The reasons why the medical mission has been much faster taking of are multiple. The main reason is that all that was needed to start providing medical care is a trained person with a medical bag which they can carry themselves. Transport them to the area of operations and they can start. Our tech team faces a lot bigger challenges. There are three basic components to being able to provide internet access in a disaster zone:
- Trained personnel
- Networking hardware to build the local network infrastructure
- A means of backhaul (VSAT, 3G. 4G, LTE whatever)
We were hit by a number of (temporary) setbacks in all of those three areas. We have since overcome these setbacks. Firstly there was the question of transporting people & equipment to the Philippines. We have a longstanding cooperation with Airlink, an organisation which negotiates discounted or donated flight for NGO’s with the major airlines. In this case the global response to typhoon Haiyan was so huge that it “sucked up” the availability of humanitarian flights within days. This meant that we would have to pay standard rates for passenger and equipment transport. Something that a “cash-lean” organisation like ours is not geared towards doing. We have a large pool of qualified volunteers and equipment but limited financial means. We managed to raise some financial donations to purchase tickets and some volunteers were able to raise funds for their own tickets. Next was the challenge of getting equipment to the Philippines. Without going into too much detail this was a significant challenge we do now have equipment in the Philippines and are currently building a large point-to-multipoint network in Bantayan as well as shortly starting on phase 2 of the wifi network at Arapal Camp. The last challenge was securing VSAT equipment and service to backhaul our networks. Because of the media attention had focussed on Tacloban the majority of the cash-rich NGO’s were operating there and had used up all spare/donated VSAT capacity. The shortage of VSAT services in the Philippines was becoming so urgent that even large NGO’s like the WFP came knocking on our door asking if we could assist them in securing VSAT services. Anyway, we decided that raising the necessary funds to purchase the service would be the best way to do so and we have since done this, ordered the equipment and it’s currently in the Philippines awaiting installation.
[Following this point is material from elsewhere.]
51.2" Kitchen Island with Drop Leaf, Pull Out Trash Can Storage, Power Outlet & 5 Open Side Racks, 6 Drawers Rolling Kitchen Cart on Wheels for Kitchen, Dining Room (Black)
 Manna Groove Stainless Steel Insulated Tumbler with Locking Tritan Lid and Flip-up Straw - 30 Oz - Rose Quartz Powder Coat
So have we lost focus? Not at all. We encountered challenges with our mission and while we working to overcome these, rather than sit on our hands, we helped solve an urgent need in a completely different area (medical services) that presented itself. Not only did we solve this but we did it in a very effective manner proving that our approach and methodologies are applicable in other areas too. The need for Internet access and communications is still current (ask any of the 8 NGO’s on Bantayan) and we are now solving that problem so expect more updates on our wifi/technical work in the next few weeks.
Disaster Tech Lab is still foremost an emergency communications provider.
We have learned a lot though, we’ve learned that taking part in large multi-agency responses is still as frustrating as it was back in 2010 and that big NGO’s still tend to suck up all the oxygen leaving smaller organisations in the lurch. We have however learned how to cope with these issues and have certainly become more efficient by our experiences in the last 2 months.